(Given entries begins)
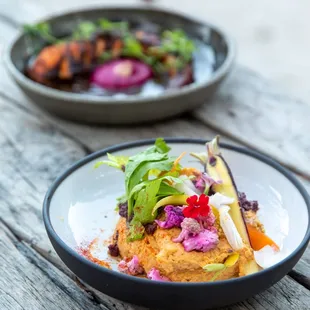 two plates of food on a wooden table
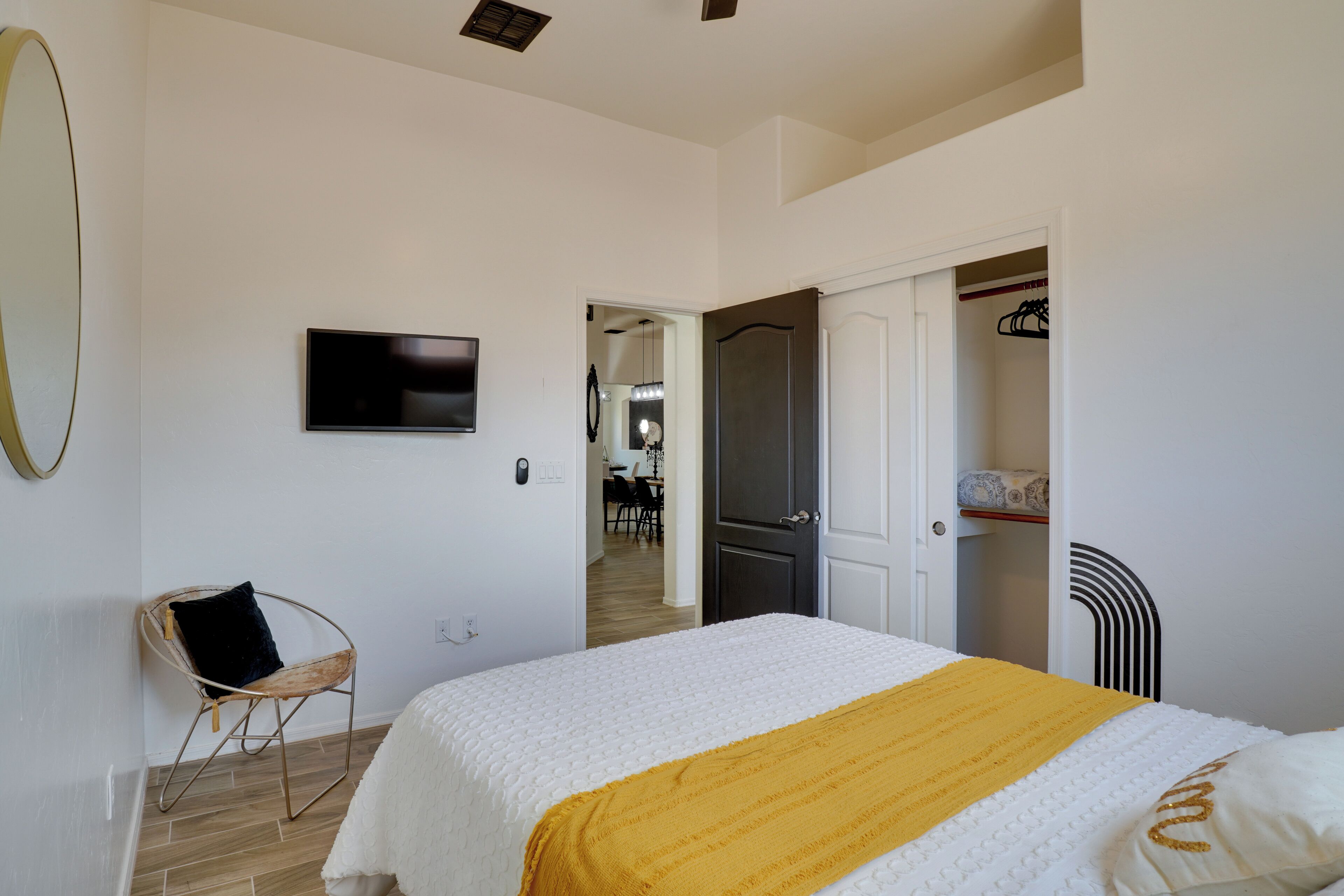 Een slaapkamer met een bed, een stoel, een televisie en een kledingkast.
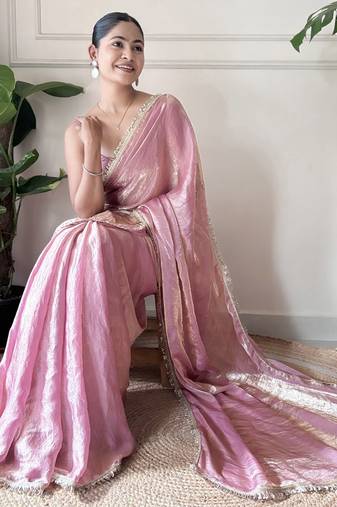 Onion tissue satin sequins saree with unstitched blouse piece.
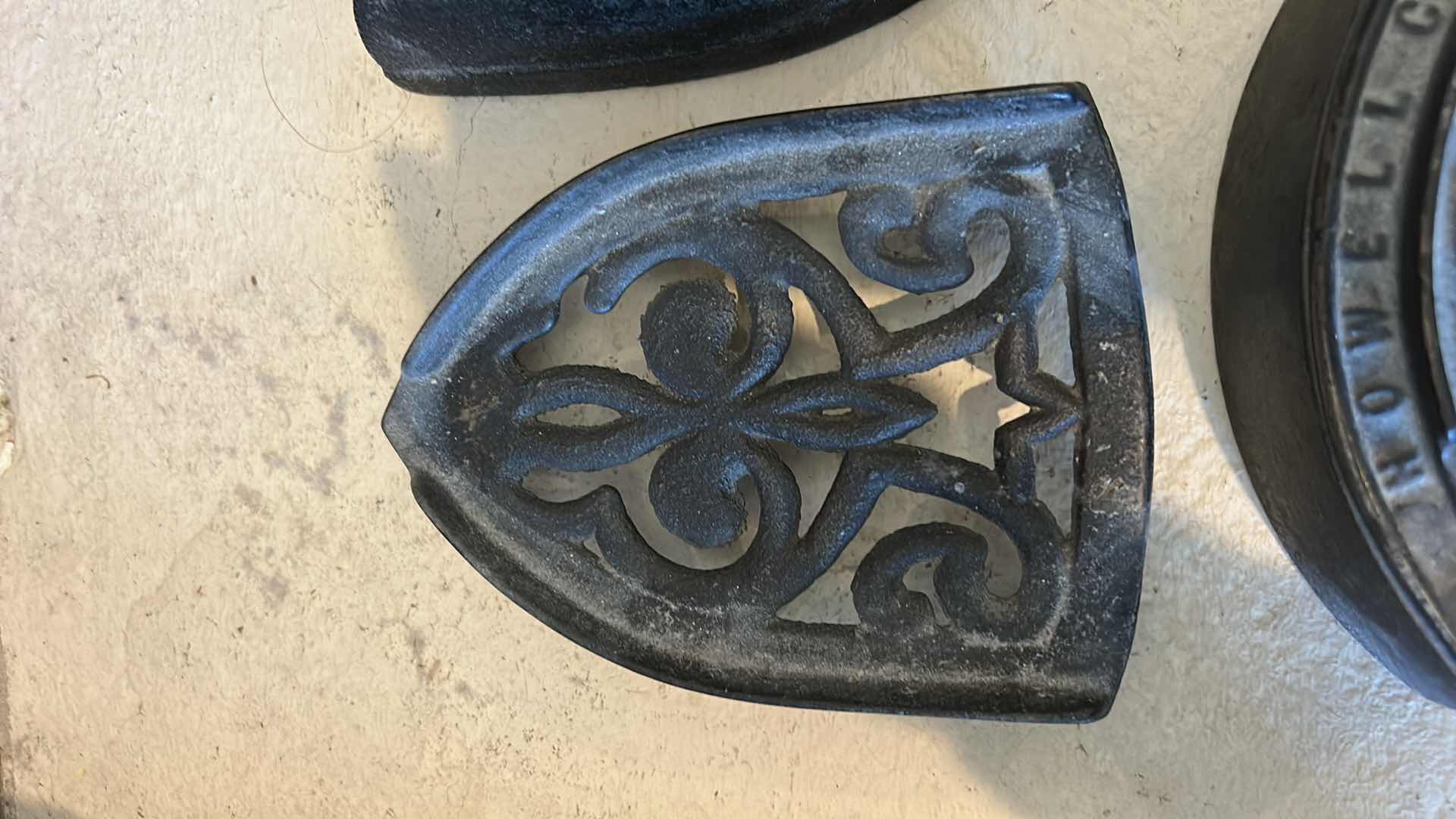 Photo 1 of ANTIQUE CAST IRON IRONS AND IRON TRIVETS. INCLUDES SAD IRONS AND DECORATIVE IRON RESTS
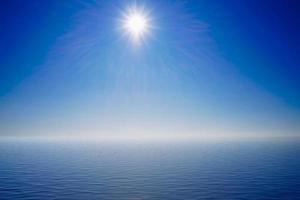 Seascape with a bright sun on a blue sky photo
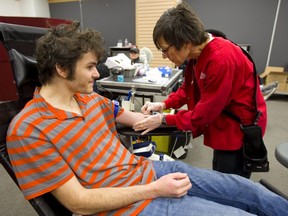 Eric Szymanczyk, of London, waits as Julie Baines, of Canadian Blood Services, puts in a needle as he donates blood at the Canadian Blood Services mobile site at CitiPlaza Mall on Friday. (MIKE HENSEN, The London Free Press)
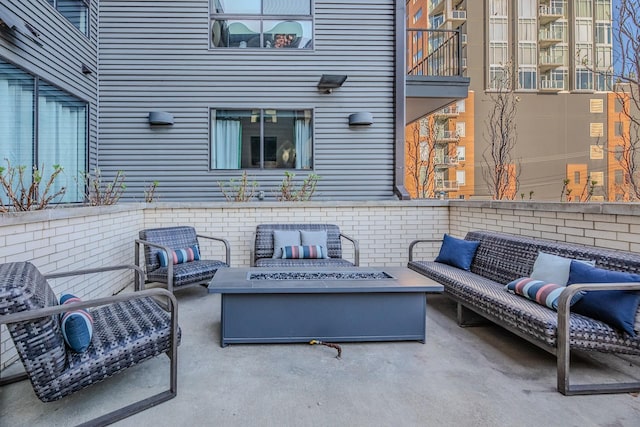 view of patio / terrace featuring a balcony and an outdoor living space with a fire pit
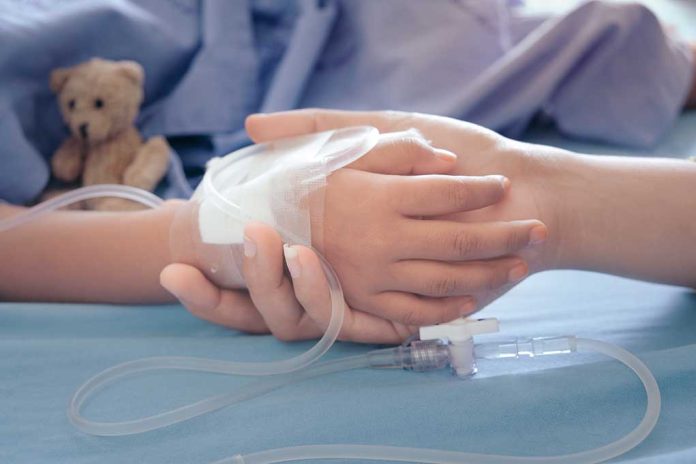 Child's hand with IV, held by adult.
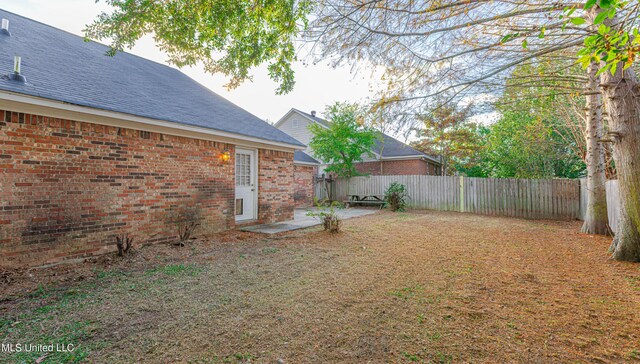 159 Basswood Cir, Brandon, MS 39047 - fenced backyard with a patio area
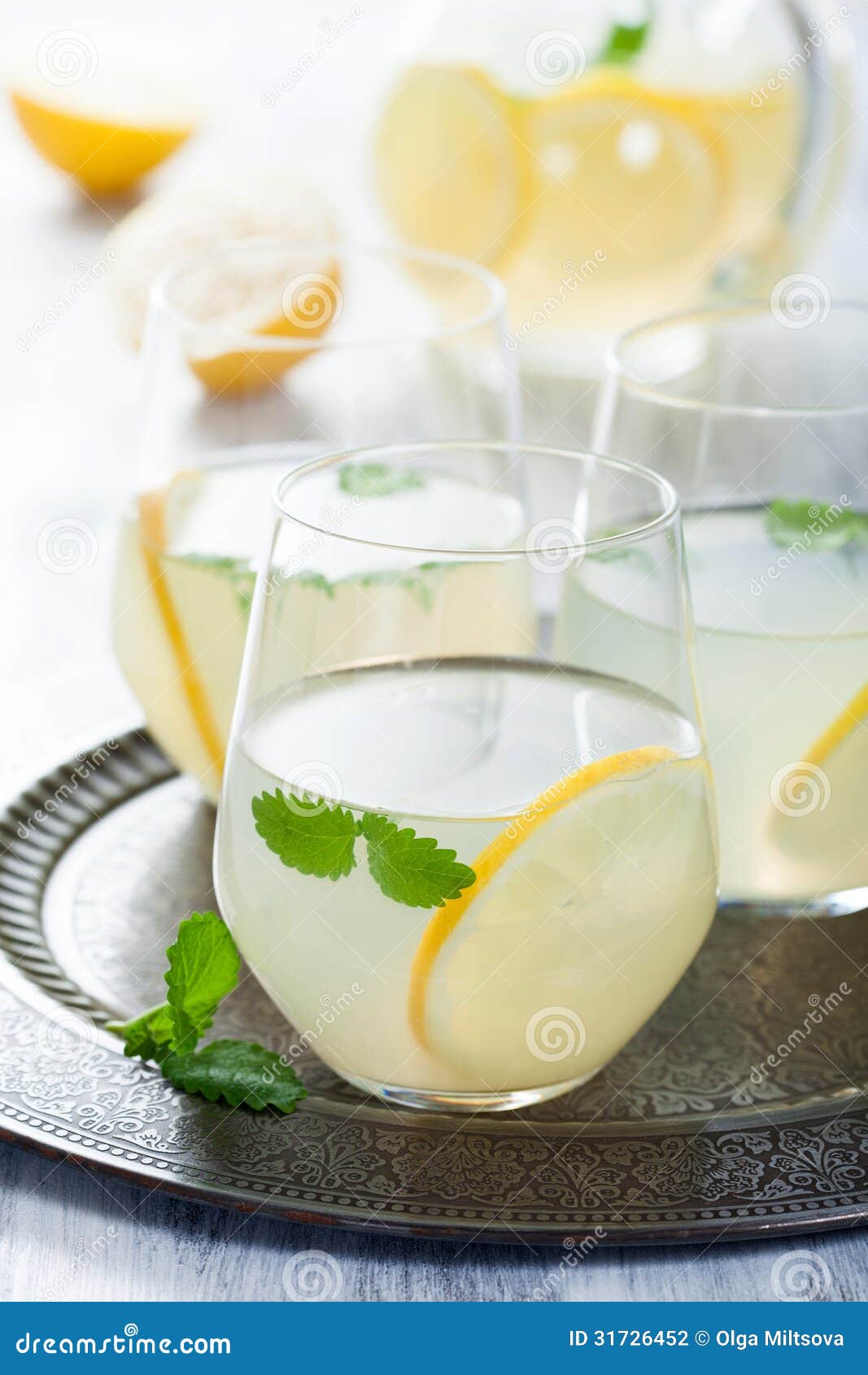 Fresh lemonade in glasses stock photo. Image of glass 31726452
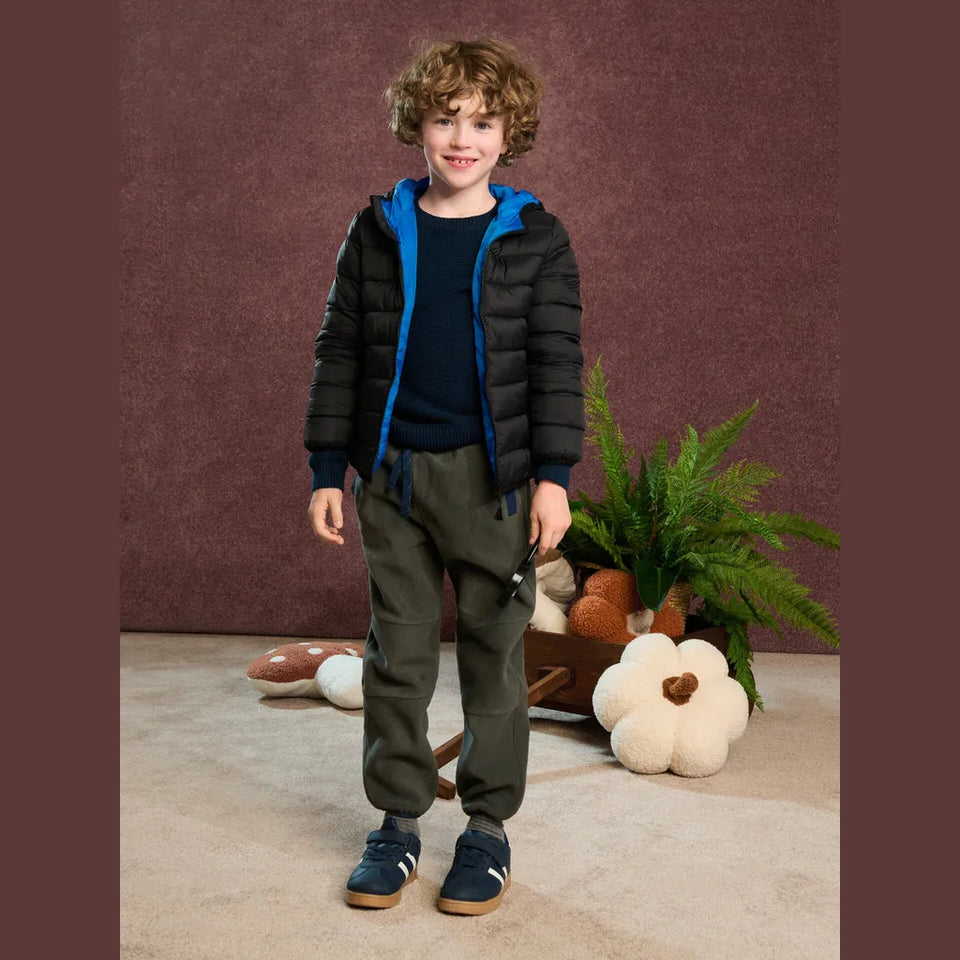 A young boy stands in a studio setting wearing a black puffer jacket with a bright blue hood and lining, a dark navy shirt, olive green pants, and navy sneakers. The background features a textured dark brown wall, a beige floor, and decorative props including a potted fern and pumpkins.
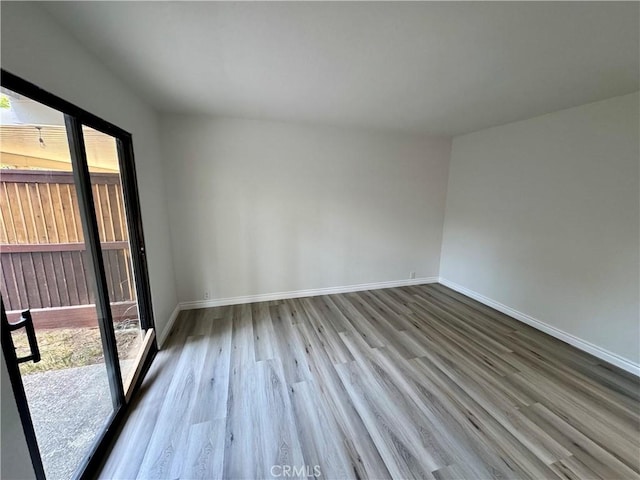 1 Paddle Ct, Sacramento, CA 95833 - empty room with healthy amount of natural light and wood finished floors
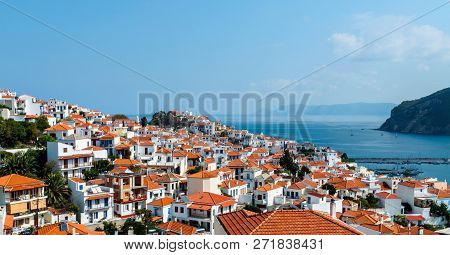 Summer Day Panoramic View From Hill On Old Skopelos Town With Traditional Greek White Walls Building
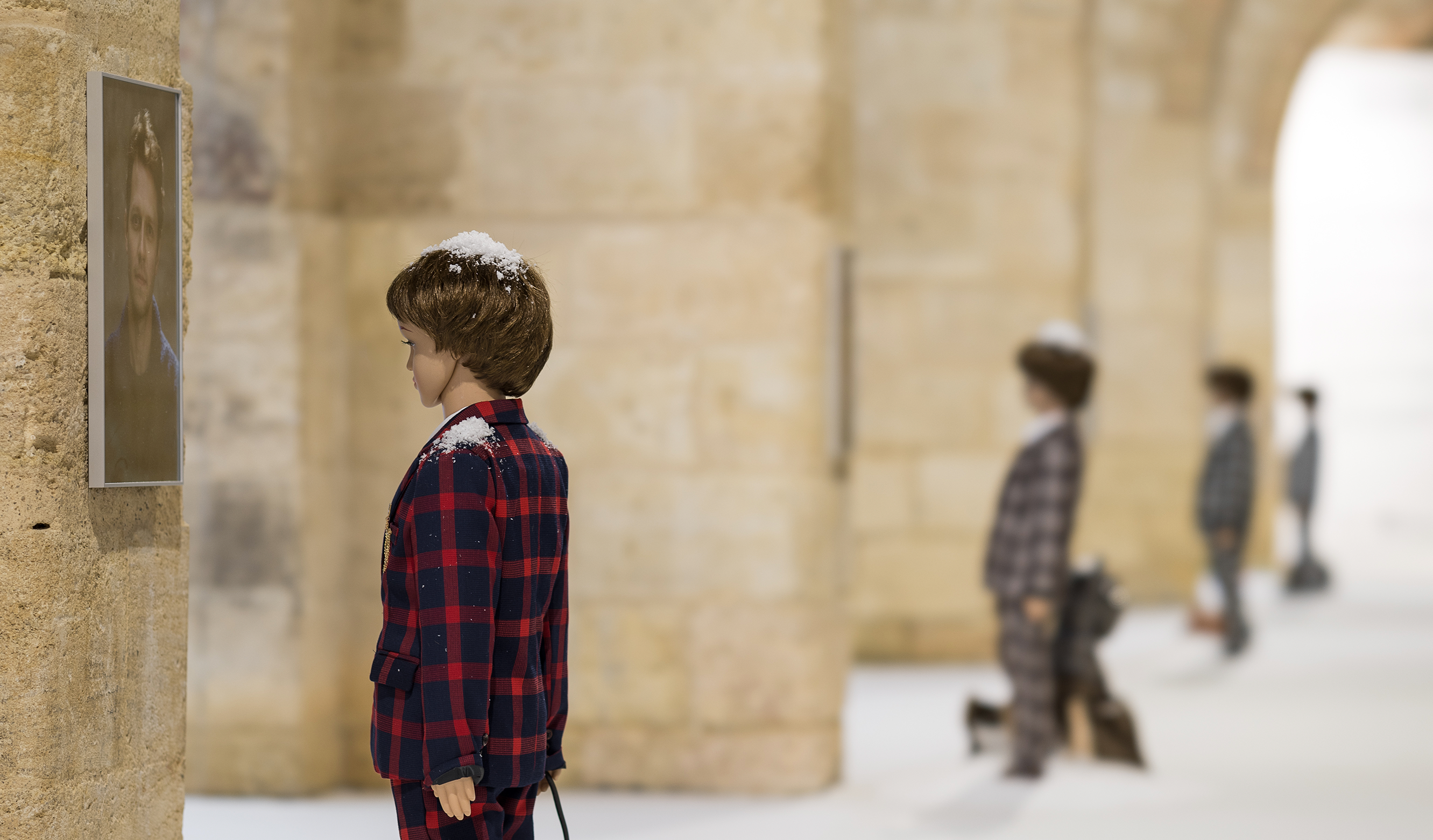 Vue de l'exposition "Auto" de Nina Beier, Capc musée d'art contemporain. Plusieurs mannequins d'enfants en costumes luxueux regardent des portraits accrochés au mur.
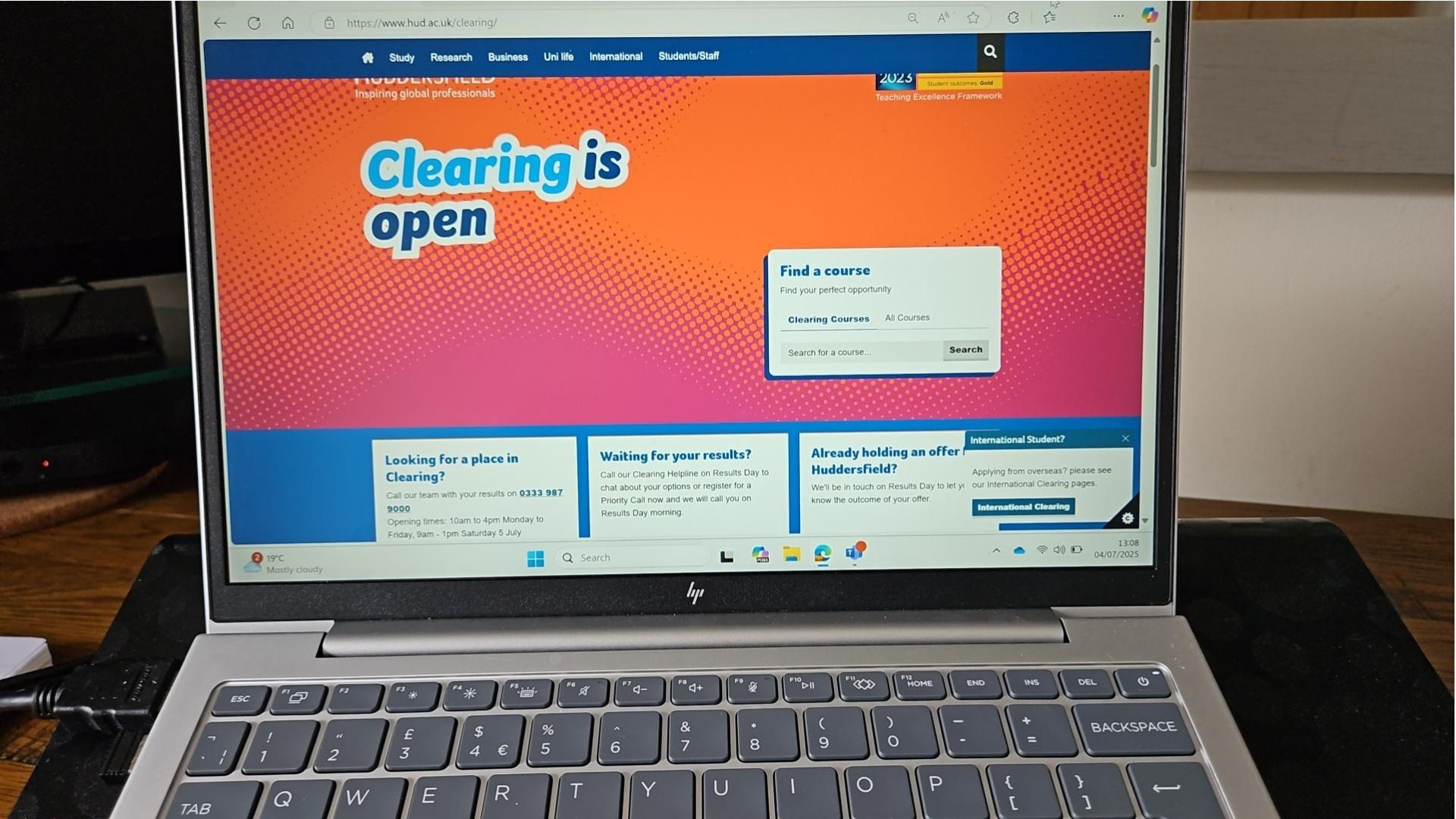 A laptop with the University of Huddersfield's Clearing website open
(Given entries ends)
Exercise aim →
Repeat, line for line and exactly, the material from its first line through the line that contains "Summer Day Panoramic", both ends included; no pictures belong in the copy.

Answer to the exercise →
 two plates of food on a wooden table
 Een slaapkamer met een bed, een stoel, een televisie en een kledingkast.
 Onion tissue satin sequins saree with unstitched blouse piece.
 Photo 1 of ANTIQUE CAST IRON IRONS AND IRON TRIVETS. INCLUDES SAD IRONS AND DECORATIVE IRON RESTS
 Seascape with a bright sun on a blue sky photo
 Eric Szymanczyk, of London, waits as Julie Baines, of Canadian Blood Services, puts in a needle as he donates blood at the Canadian Blood Services mobile site at CitiPlaza Mall on Friday. (MIKE HENSEN, The London Free Press)
 view of patio / terrace featuring a balcony and an outdoor living space with a fire pit
 Child's hand with IV, held by adult.
 159 Basswood Cir, Brandon, MS 39047 - fenced backyard with a patio area
 Fresh lemonade in glasses stock photo. Image of glass 31726452
 A young boy stands in a studio setting wearing a black puffer jacket with a bright blue hood and lining, a dark navy shirt, olive green pants, and navy sneakers. The background features a textured dark brown wall, a beige floor, and decorative props including a potted fern and pumpkins.
 1 Paddle Ct, Sacramento, CA 95833 - empty room with healthy amount of natural light and wood finished floors
 Summer Day Panoramic View From Hill On Old Skopelos Town With Traditional Greek White Walls Building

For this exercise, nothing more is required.